News, views and commentary from the telecoms sector across emerging markets and developing countries worldwide

Friday, 15 May 2009

Salty name, sweet subsidies: more on the Venezuelan handset phenomenon

Recently, when I quickly added a short piece here about the low cost handsets launched this month in Venezuela, it seems I left out some interesting details.

The detail that has been grabbing headlines across the UK's mainstream news media is the name given to the device, El Vergatario. Prior to reading these recent stories, I vaguely remembered the name of the phone and even more vaguely recalled reading somewhere that the term meant something like 'the excellent one'. (That's enough vagueness, Ed.*)

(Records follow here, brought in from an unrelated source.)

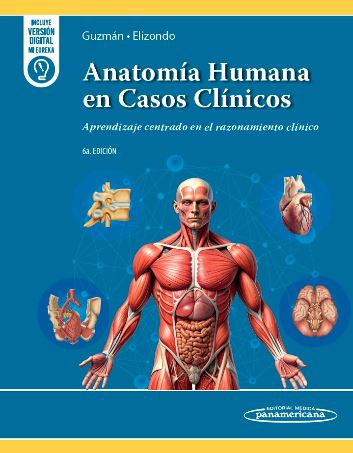 Guzmán - Anatomía Humana en Casos Clínicos 6 Ed. 2026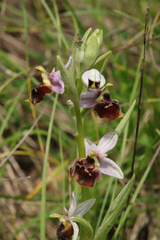 Ophrys bourdon (Ophrys fuciflora)
Ophrys fuciflora in flower
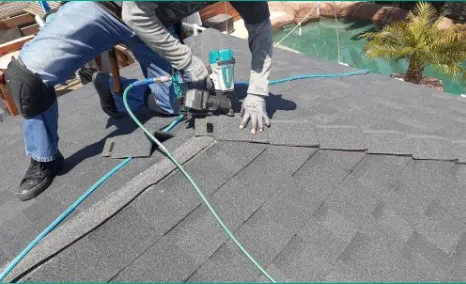 Semilla De Mostaza Roofing Picture 3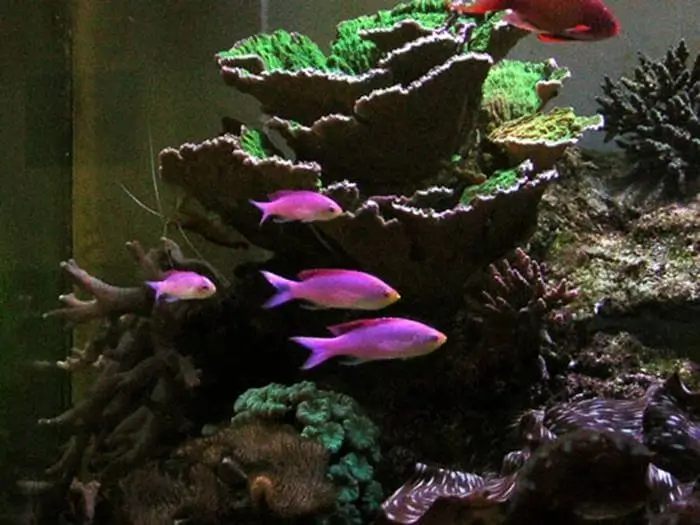 Pseudanthias tuka Pseudanthias tuka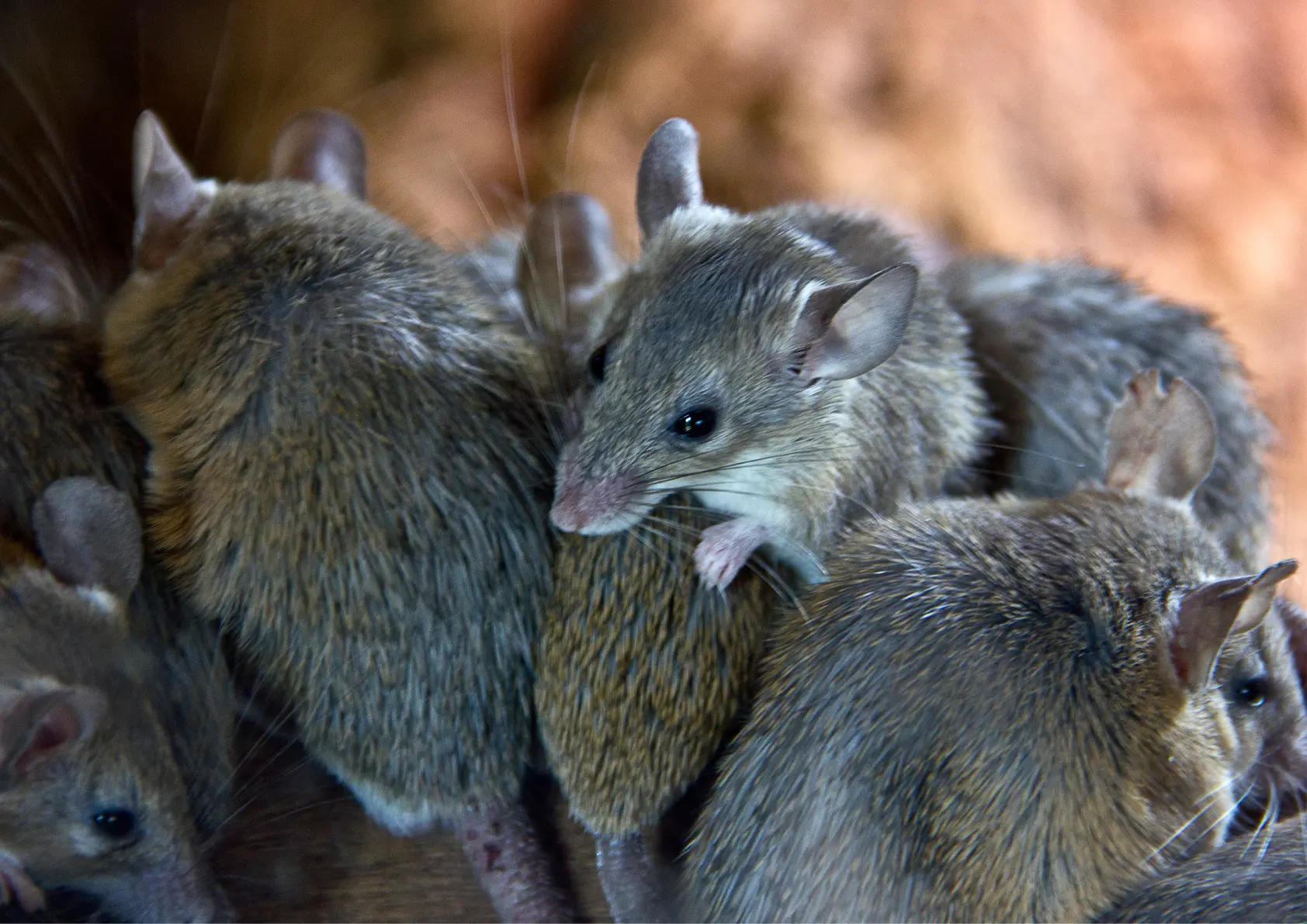 Groupe de souris infestation dératisation Andilly 95580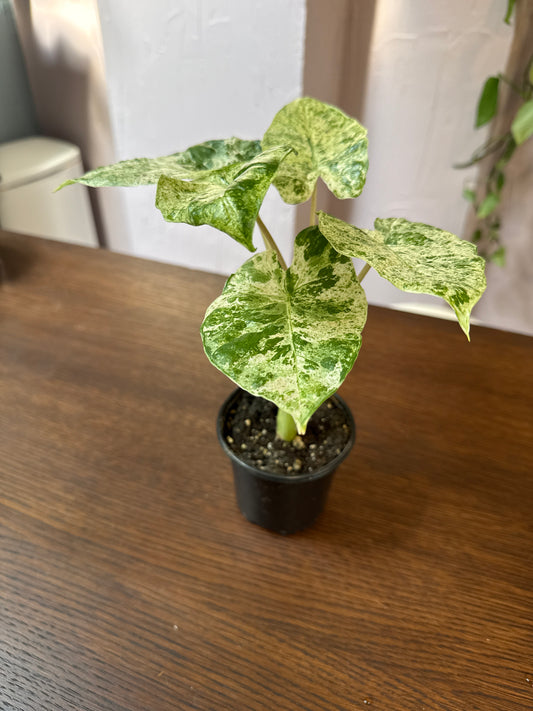 Alocasia Odora Batik Variegated 4” pot Rare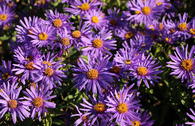 Sommer-Aster 'Blue King'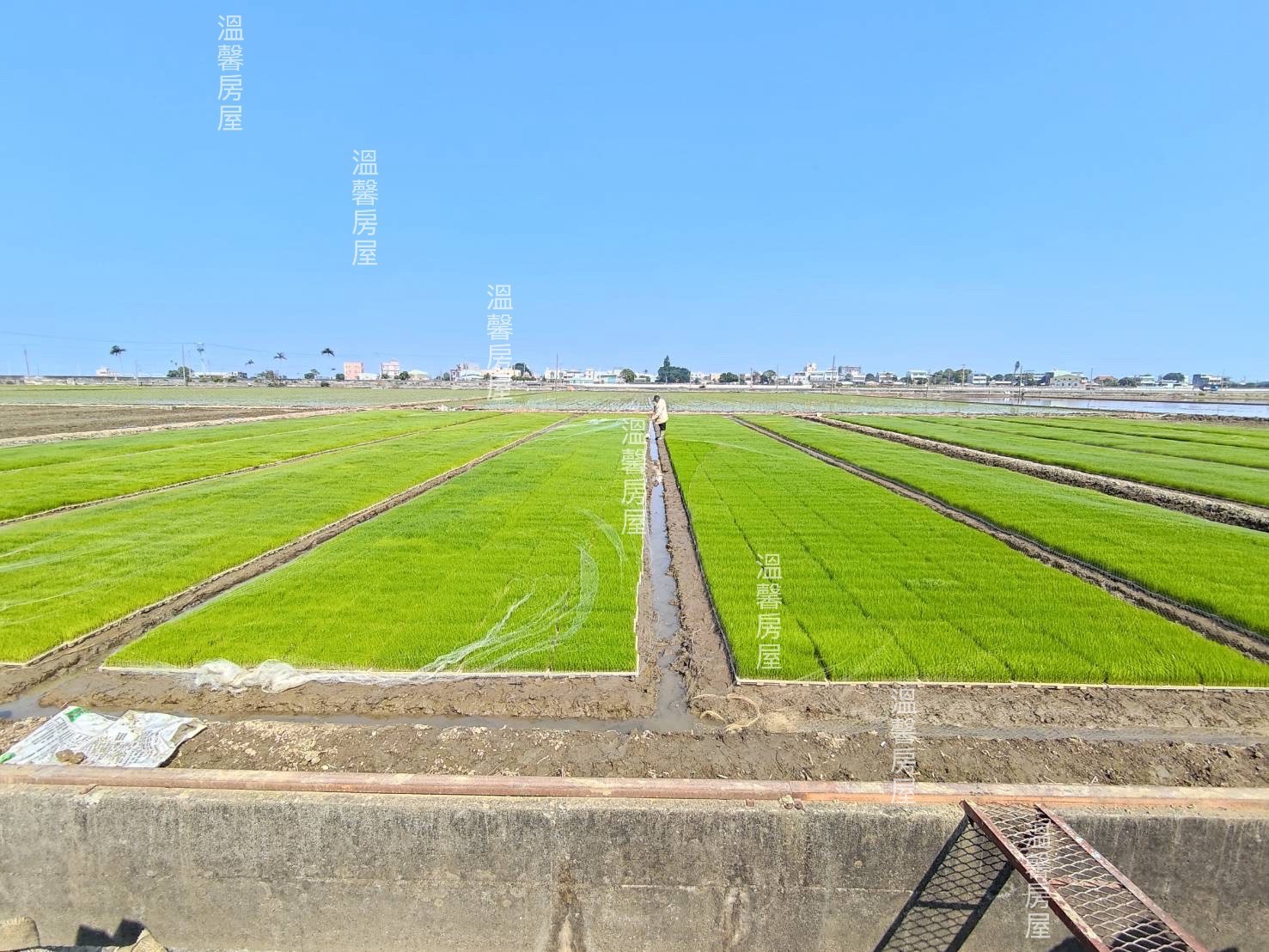 嘉義文化路尾俗農地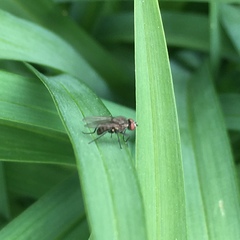Anthomyiidae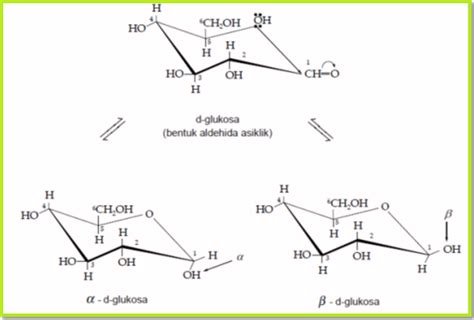 Struktur Karbohidrat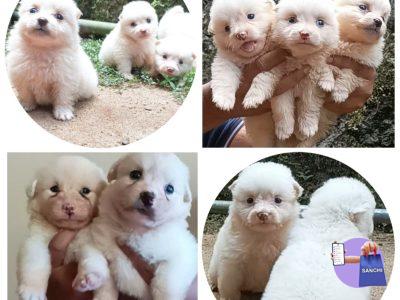 pom puppies available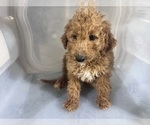 Small #18 Goldendoodle-Poodle (Miniature) Mix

So imagine my bemusement at seeing UK newspapers rubbishing the idea that the monicker of this remarkably cheap device is so innocent. Numerous Fleet Street hacks have converged this week on a different understanding of the handset's unusual name, i.e. that it is a freshly coined vulgarism from a Venezuelan city known for its inventive slang. On Monday, the Guardian, to take one example, delighted in presenting President Hugo Chavez as a smirking practitioner of double entendre. "Whoever doesn't have a Vergatario is nothing," said the Venezuelan leader, with the Guardian suggesting that this remark was an off-colour joke.

Word quickly travelled back to Caracas about the Guardian's story. Yesterday the paper was reporting that President Chavez had used a televised speech to rebut the notion that some Venezuelans had been offended by the handset's name:

"In the Guardian they think it's something rude. That is a big mistake. They are ignorant," said Chavez. "He cited the Spanish language reference dictionary, the Real Academia Española, which defined vergatario as an adjective signifying quality and value," reports the UK paper, whose backtracking is slyly qualified by its assertion that "the etymological debate spread to websites today and broke largely along political lines, with Chavez supporters championing the non-vulgar interpretation."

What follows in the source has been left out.